=== PROVIDED RECORDS ===
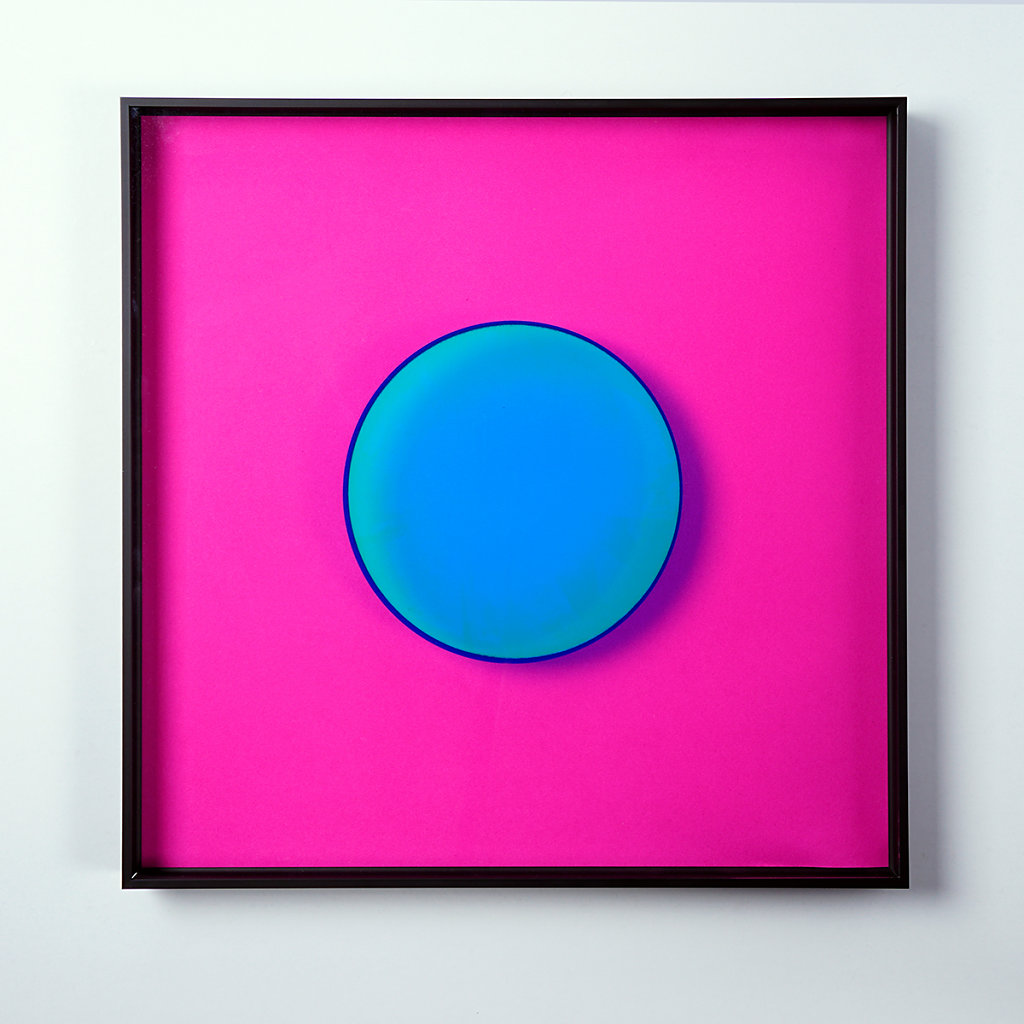 Man Made Object Series – Cyan/Yellow/Magenta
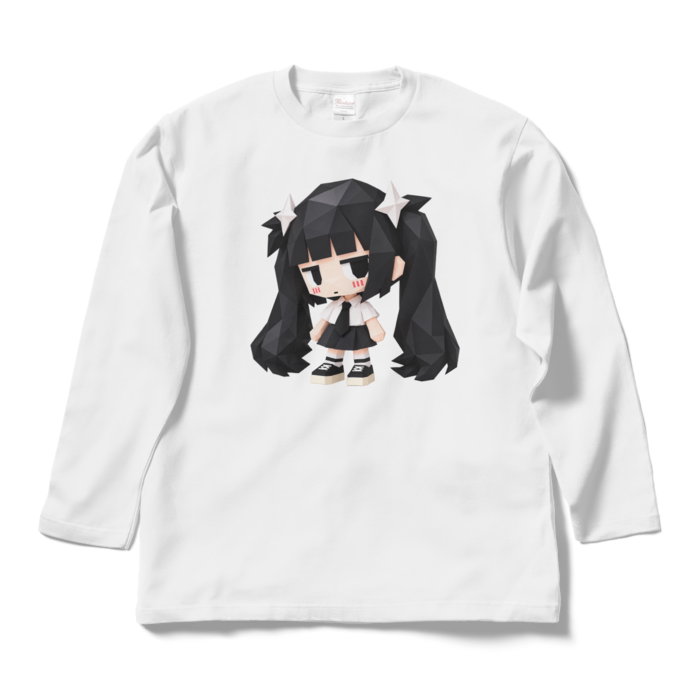 ロングスリーブTシャツ - L - ホワイト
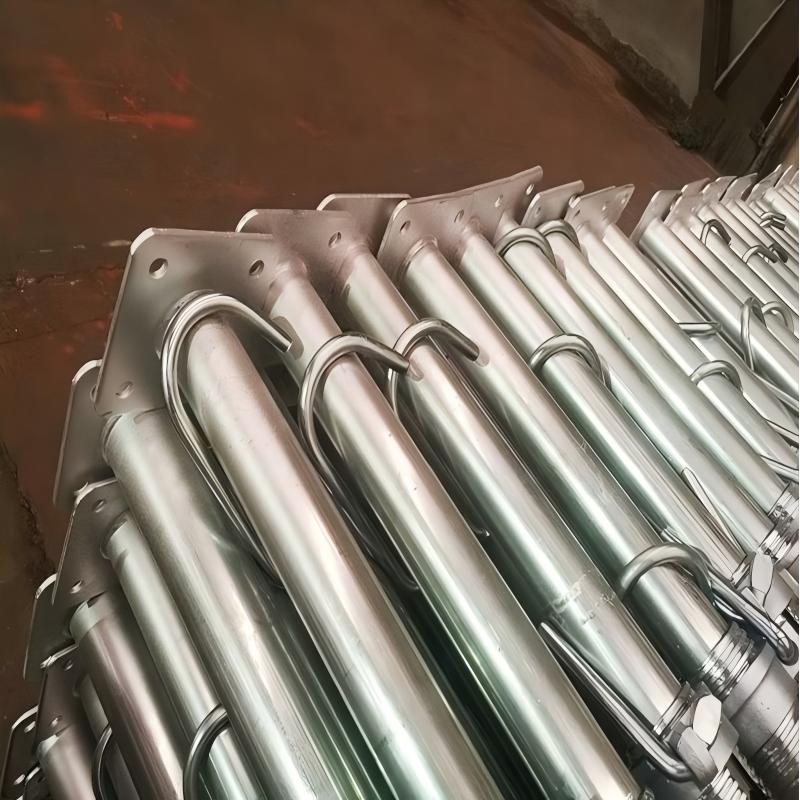 Screw Jack Formwork Used Shoring Prop Puntales Metalicos Para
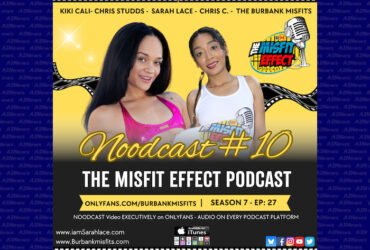 Kiki Cali joins the emergency cast series of The Misfit Effect Podcast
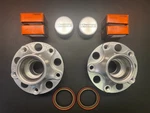 Strange Aluminum Strut Hubs (one Pair) And Steering Knuckles For 110/120 Kits. Fixed Price $629.99.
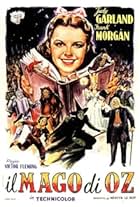 Judy Garland, Ray Bolger, Margaret Hamilton, Jack Haley, Bert Lahr, and Frank Morgan in Il mago di Oz (1939)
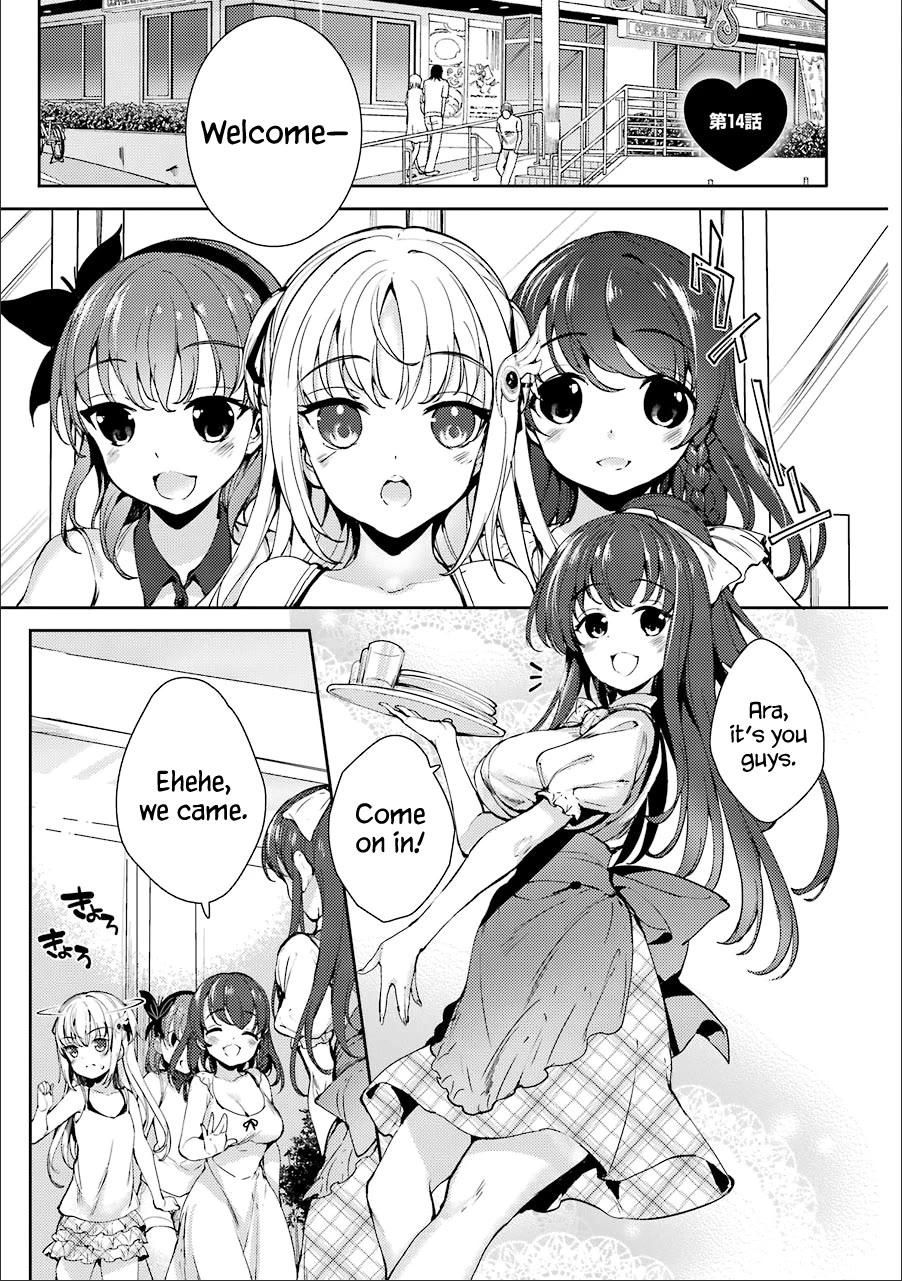 Shou5 na Kanojo to Otona no Ai Chapter 14 page 2 - Chapter 14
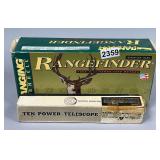 Bausch & Lomb Balscope 10 & Bushnell Rangefinder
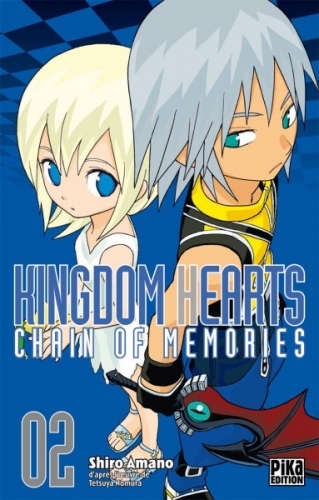 Couverture Kingdom Hearts : Chain of memories, tome 2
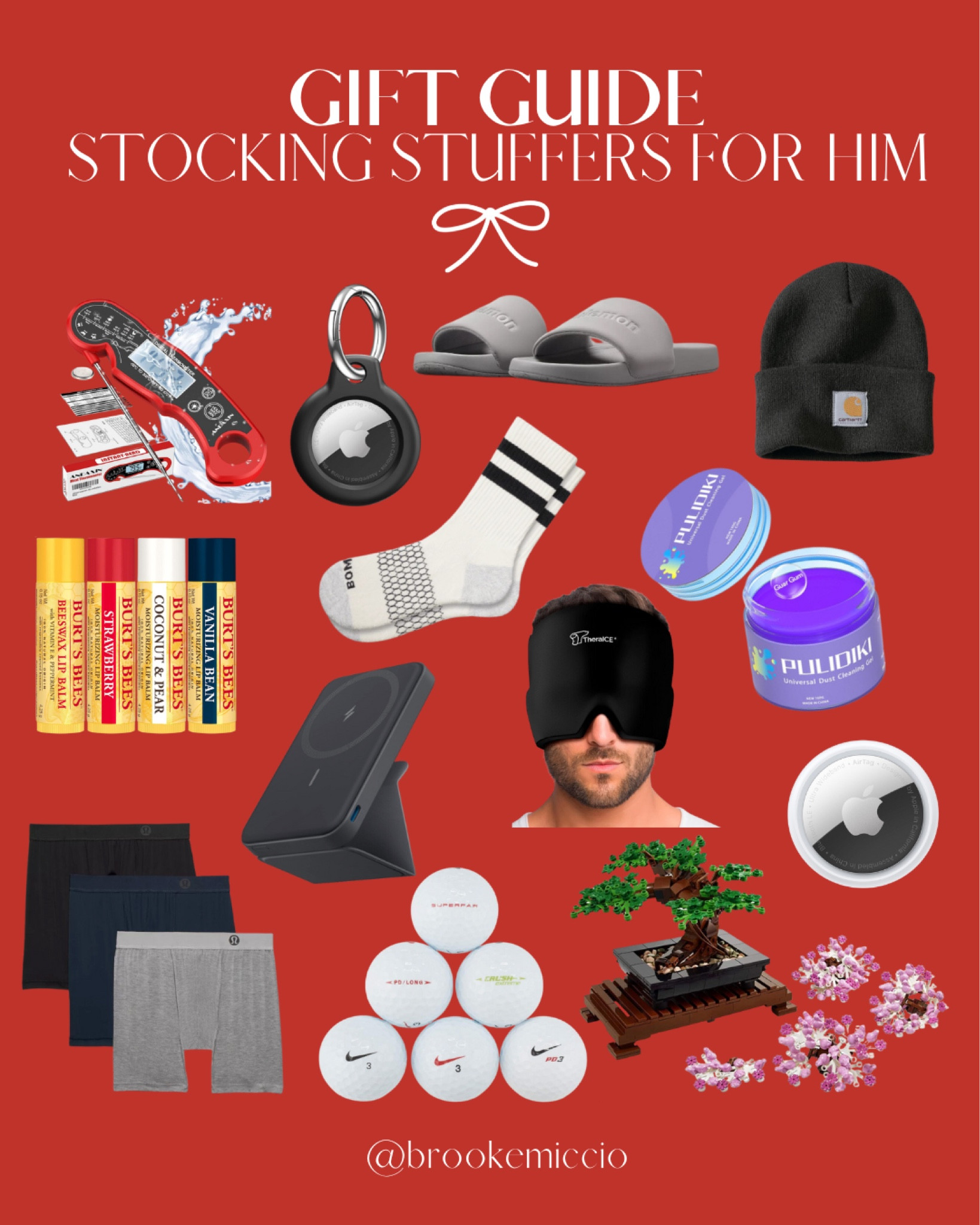 Gift guide: stocking stuffers for him!

#LTKFindsUnder100 #LTKHoliday #LTKGiftGuide
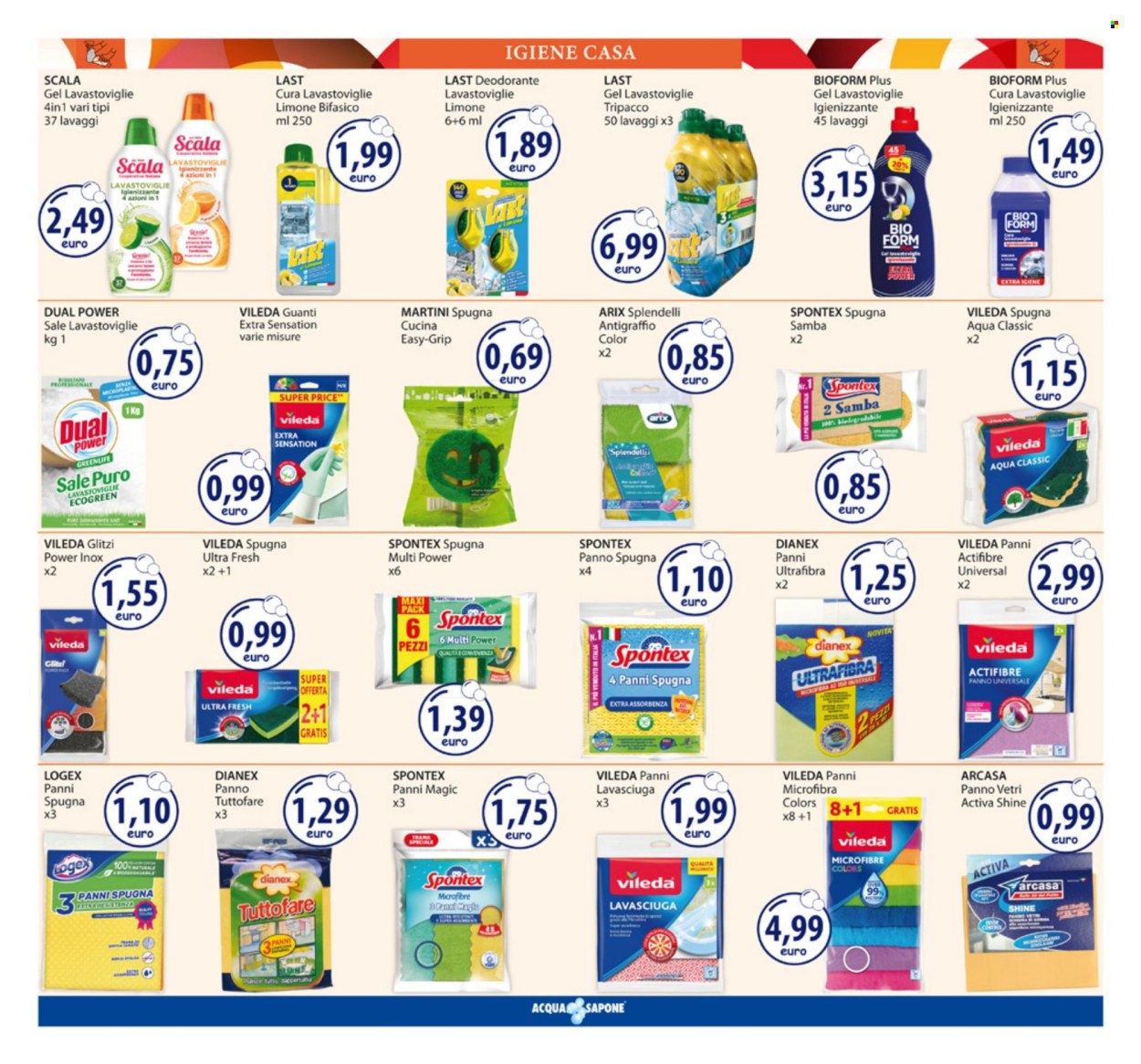 Leták Acqua & Sapone - 23.3.2026 - 5.4.2026. Strana 14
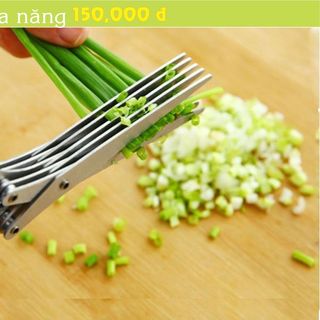 Kéo cắt nhiều đoạn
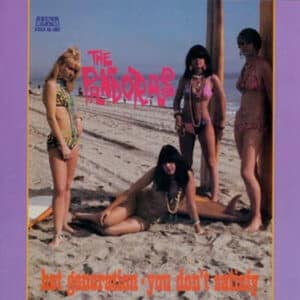 The Pandoras - Hot Generation / You Don't Satisfy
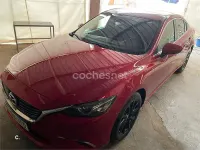 Usado Mazda 6 Style 150 CV (110 kW) 2016 Rojo Berlina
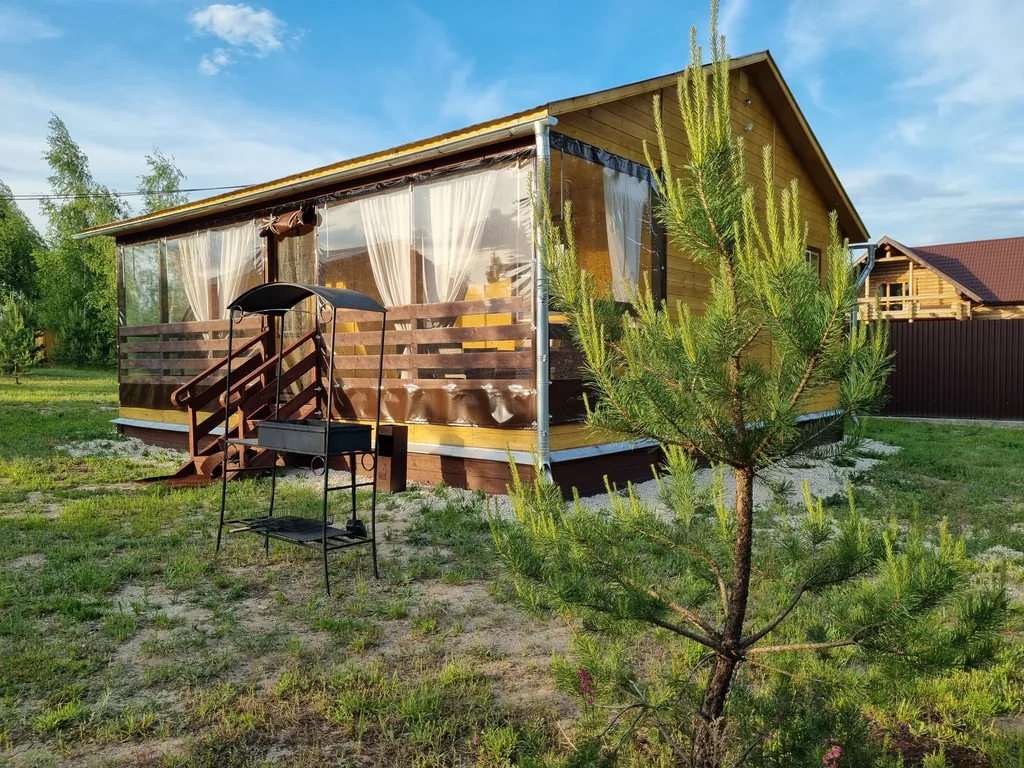 Дом с видом на лес дача рыбака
===
_WORK REQUEST_
Now repeat exactly the lines from the one with "#LTKFindsUnder100 #LTKHoliday #LTKGiftGuide" through the end of the listing above, both included, omitting all pictures.

_RESPONSE TO THE TASK_
#LTKFindsUnder100 #LTKHoliday #LTKGiftGuide
 Leták Acqua & Sapone - 23.3.2026 - 5.4.2026. Strana 14
 Kéo cắt nhiều đoạn
 The Pandoras - Hot Generation / You Don't Satisfy
 Usado Mazda 6 Style 150 CV (110 kW) 2016 Rojo Berlina
 Дом с видом на лес дача рыбака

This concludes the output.